Em particular desde Sarkozy, a direita republicana francesa vive num tentação crescente de mimetizar a narrativa da extrema-direita. O objetivo é simples, captar o eleitorado que vota Rassemblement National.
Passados os tempos de Jacques Chirac e de Alain Juppé, em que a preocupação com as "linhas vermelhas" ainda existia, já com François Fillon essa tentação tinha emergido.
Constata-se que o discurso securitário, somado à diabolização da imigração, com o mito da "grande substituição" pelo meio (embora o seu principal divulgador, Éric Zémmour tenha já aparentemente perdido o seu tempo político) tem vindo a ganhar crescente eco no Les Républicains, o último dos heterónimos daquilo que, num tempo longínquo, já foi o partido de De Gaulle.
Nos dias de hoje, enterrado o pai Le Pen, com a filha "normalizada" pelo conveniente arquivamento das incómodas alusões ao "détail" do holocausto, o RN já se converteu no partido mais forte na Assembleia Nacional francesa.

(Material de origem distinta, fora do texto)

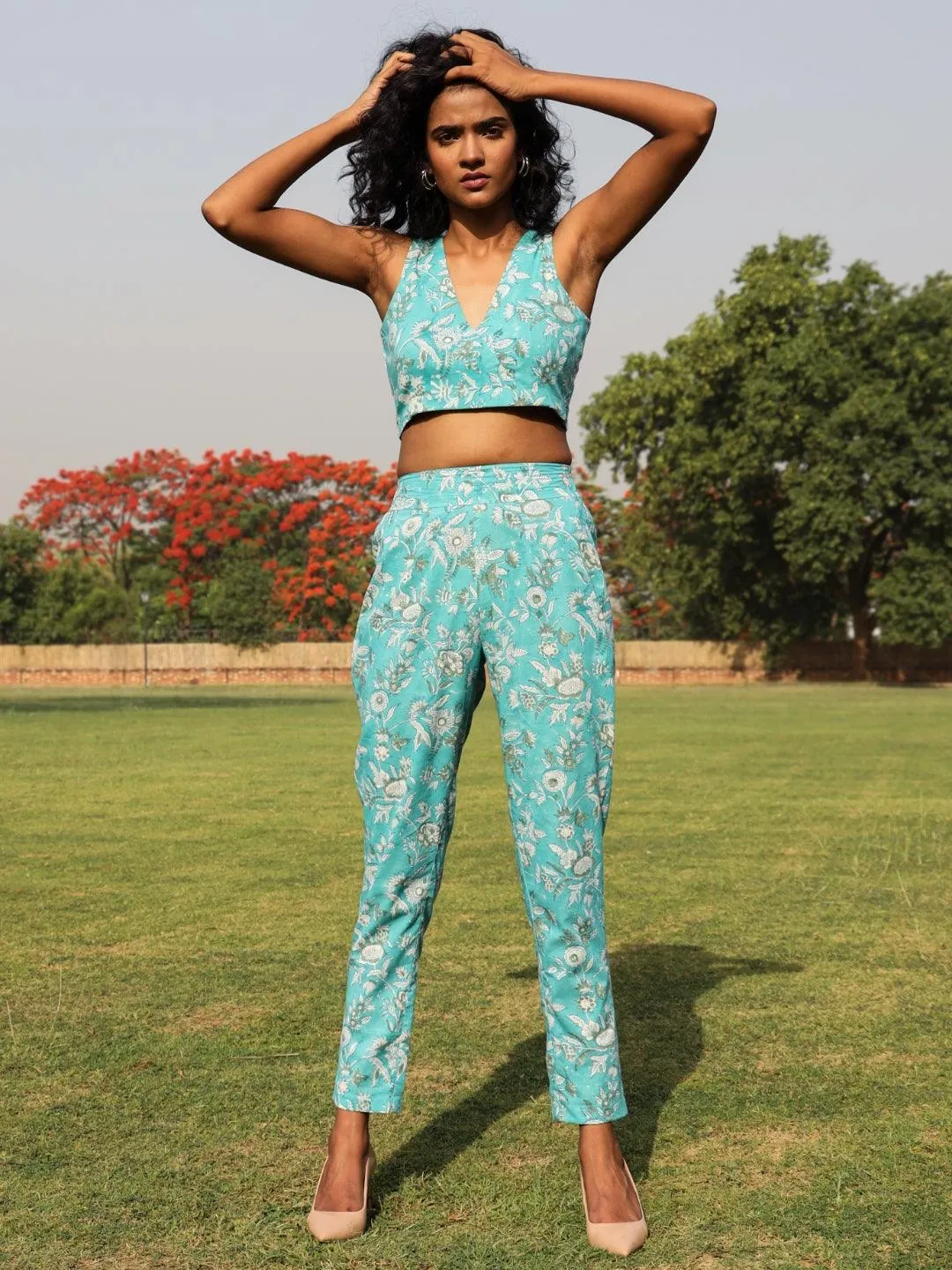 Turquoise Cotton Block Print Pant Suit Set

Por isso, captar quem nele vota é hoje o claro objetivo do antigo partido gaullista, parte do qual já se aliou a Le Pen - como se viu com Éric Ciotti e com Thierry Mariani, entre outros.
Mas Marine Le Pen não está ainda livre de algumas trapalhadas financeiras, por alegado descaminho de verbas do Parlamento Europeu. As suas hipóteses de assumir uma candidatura presidencial em 2027 não são, de todo, uma certeza. Se essa inelegibilidade de confirmar, o único nome possível para o RN seria Jordan Bardella, um jovem de 29 anos que tem passado o último ano a cultivar uma imagem de Estado, como putativo sucessor de Le Pen, se os caminhos da justiça a isso obrigarem.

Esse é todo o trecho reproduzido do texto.